Source data Start Marker
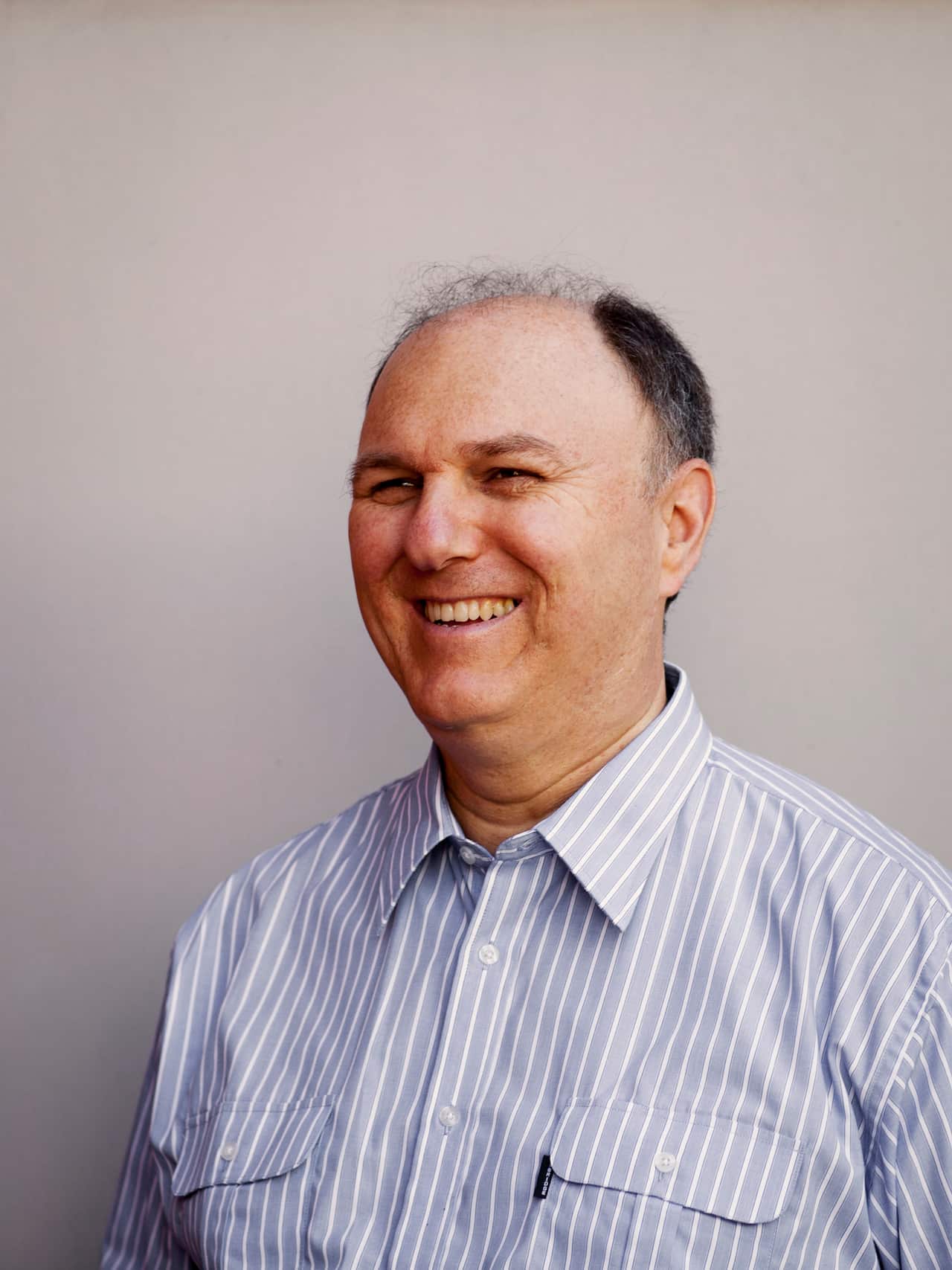 JK SORRINDO DE LADO CAMISA.jpg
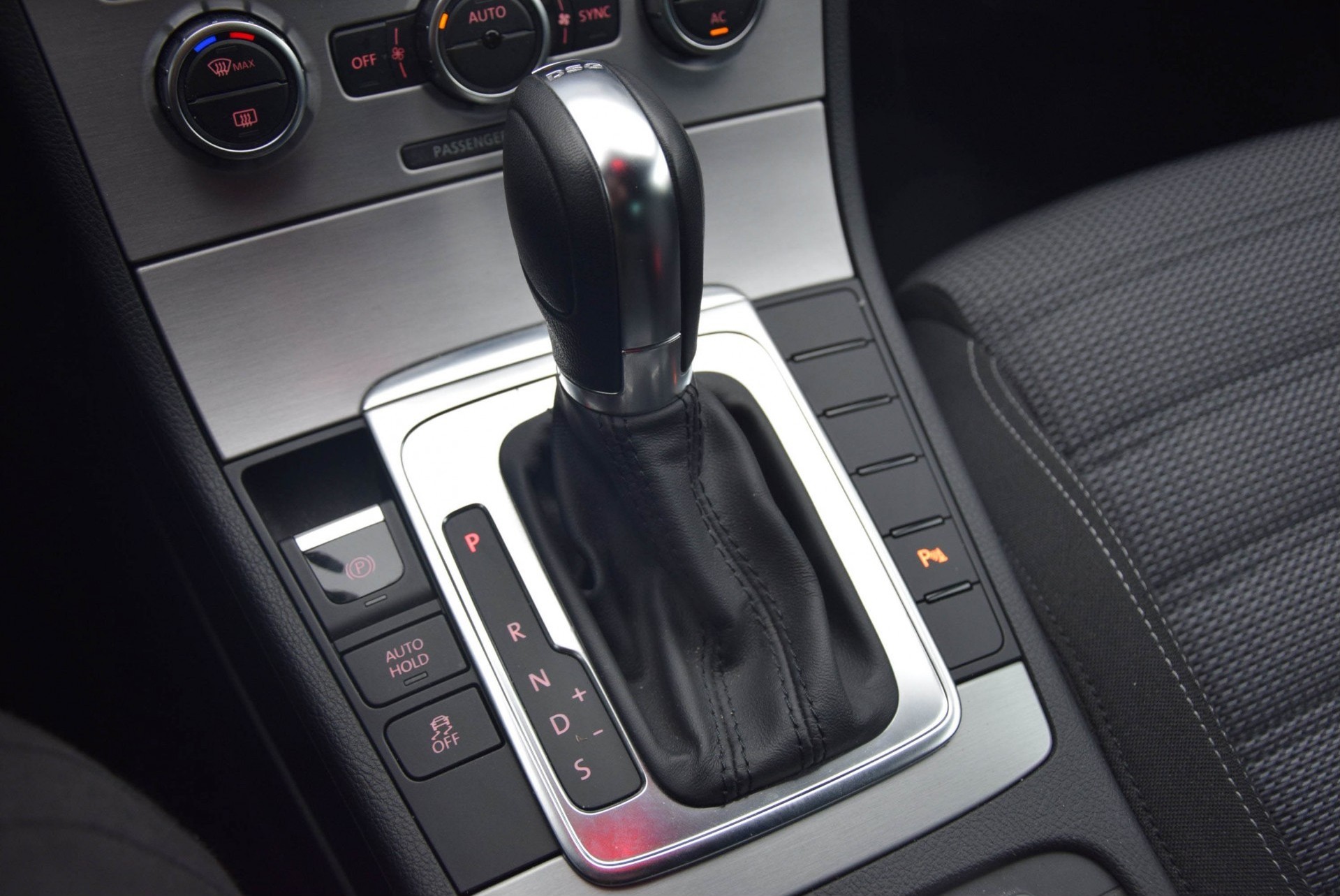 Volkswagen CC 1.8 TSI Xenon/Camera/Groot Navi/19" Aut7 Foto 9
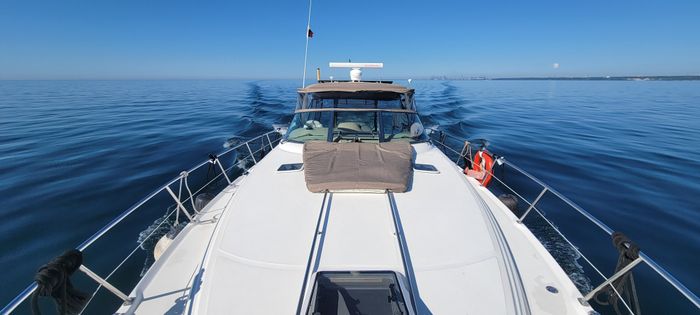 2001 Sea Ray Sundancer 380 Photo 5 of 24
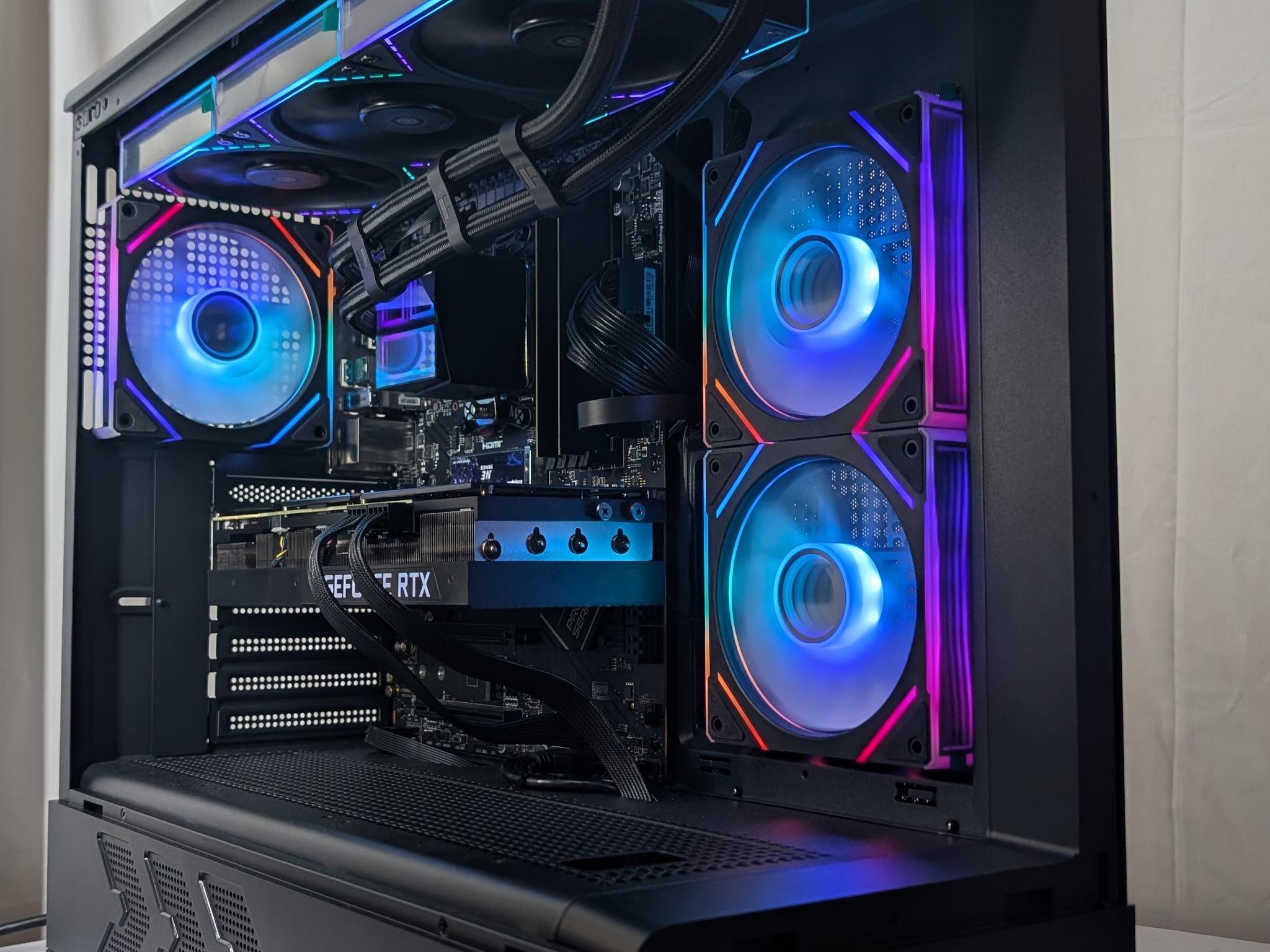 RTX 3090 | RYZEN 5 7600X | 16GB DDR5 | 1TB NVME | 1000W PSU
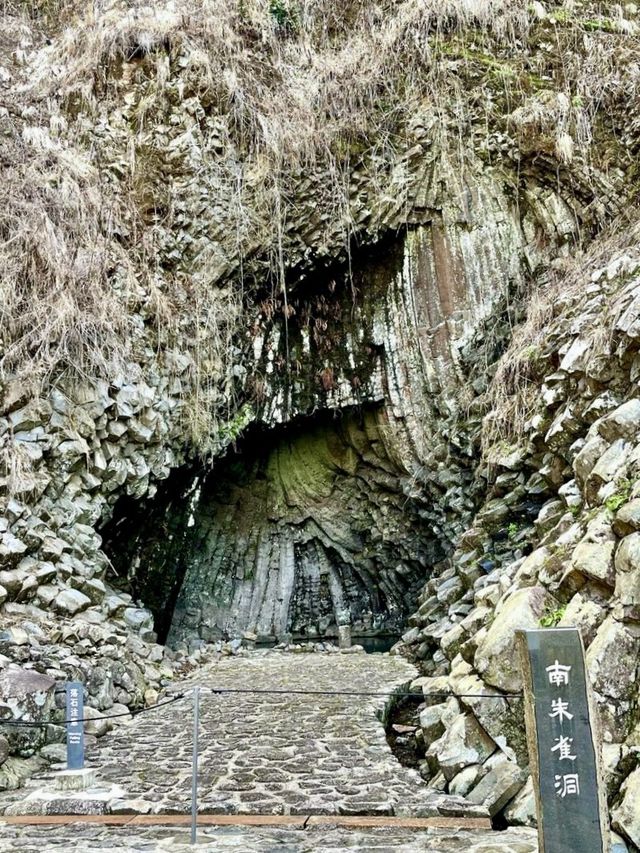 지형과 자연, 세월이 만들어낸 예술 작품 🏞️ 효고현 토요오카의 겐부도 동굴공원에 방문해보세요!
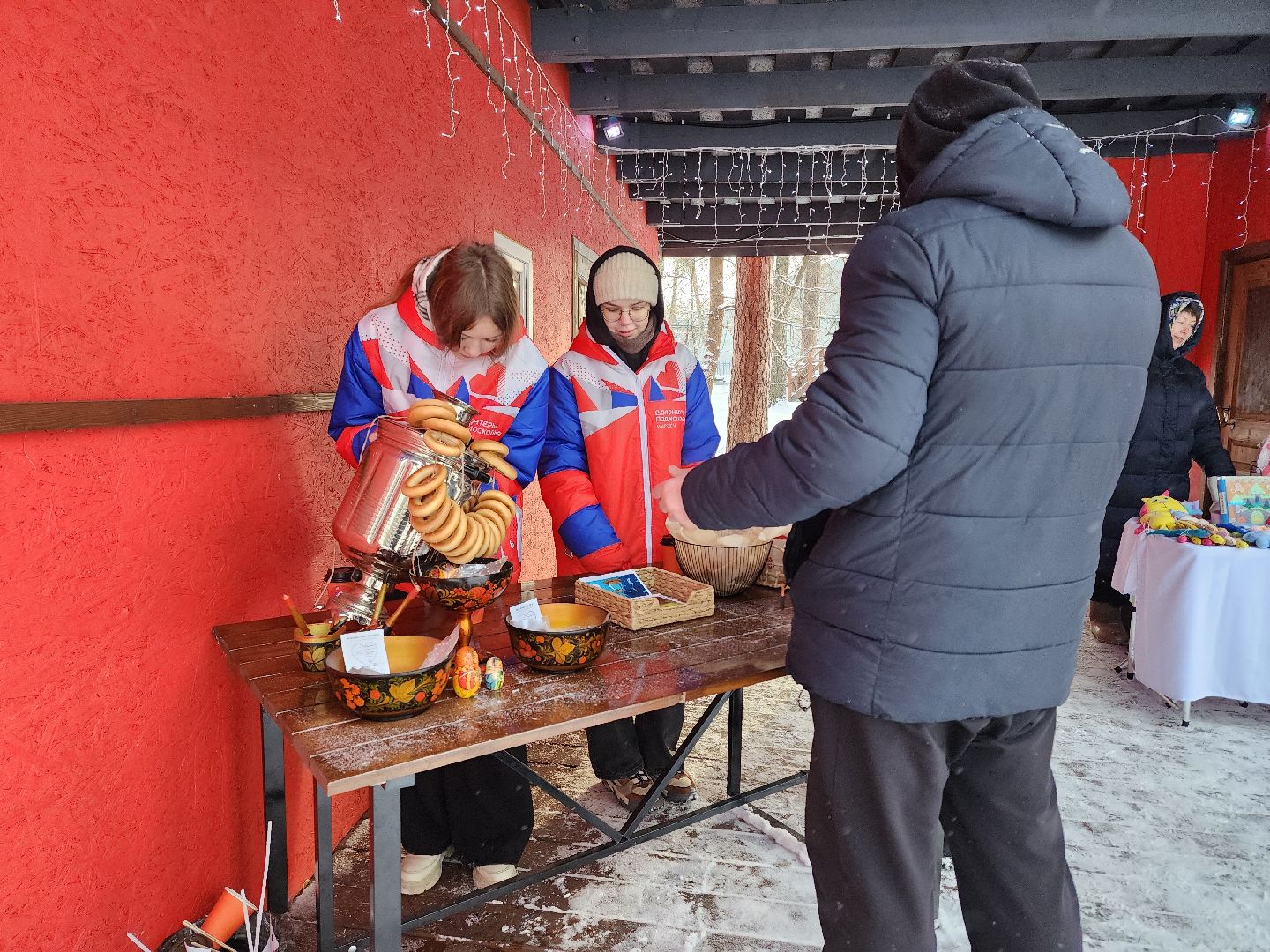парк, парк пехорка, чай, самовар, самоварная станция, волонтер, волонтеры, волонтеры подмосковья, вертикалки,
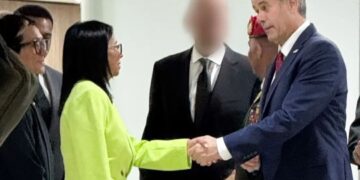 La presidenta interina de Venezuela, Delcy Rodríguez, da un apretón de manos al director de la CIA, John Ratcliffe, en Caracas. Foto: EFE/CIA.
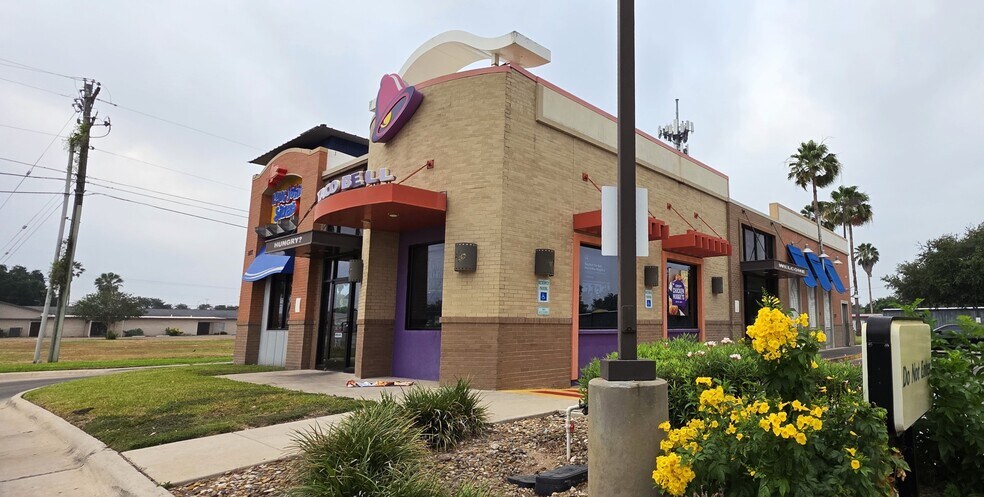 107 W Griffin Pky, Mission, TX for lease - Primary Photo - Image 2 of 11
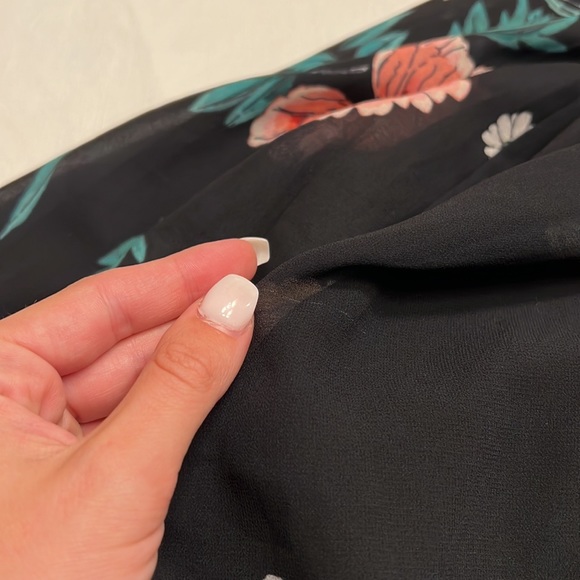 🟡 NWT Yumi Kim Spell Bound Black Floral Maxi Dress w/ Slit - Picture 6 of 7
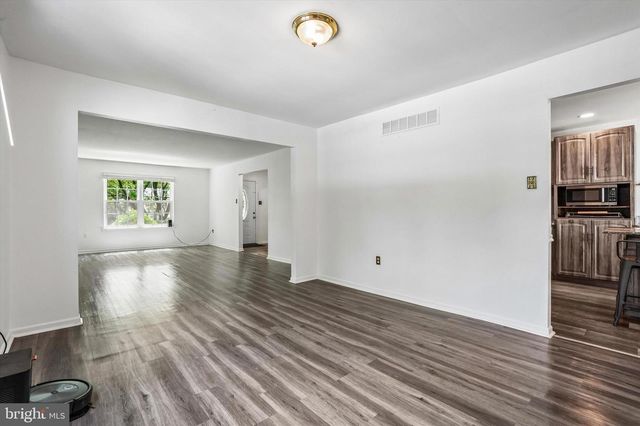 115 PLEASANT HILL RD, Cheltenham, PA 19012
Source data End Marker
- **Work required**
Above, find the line holding "지형과 자연, 세월이" and the line holding "парк, парк пехорка, чай, самовар, самоварная". Print exactly those two lines and every line between them, but no pictures.

- **Final answer**
 지형과 자연, 세월이 만들어낸 예술 작품 🏞️ 효고현 토요오카의 겐부도 동굴공원에 방문해보세요!
парк, парк пехорка, чай, самовар, самоварная станция, волонтер, волонтеры, волонтеры подмосковья, вертикалки,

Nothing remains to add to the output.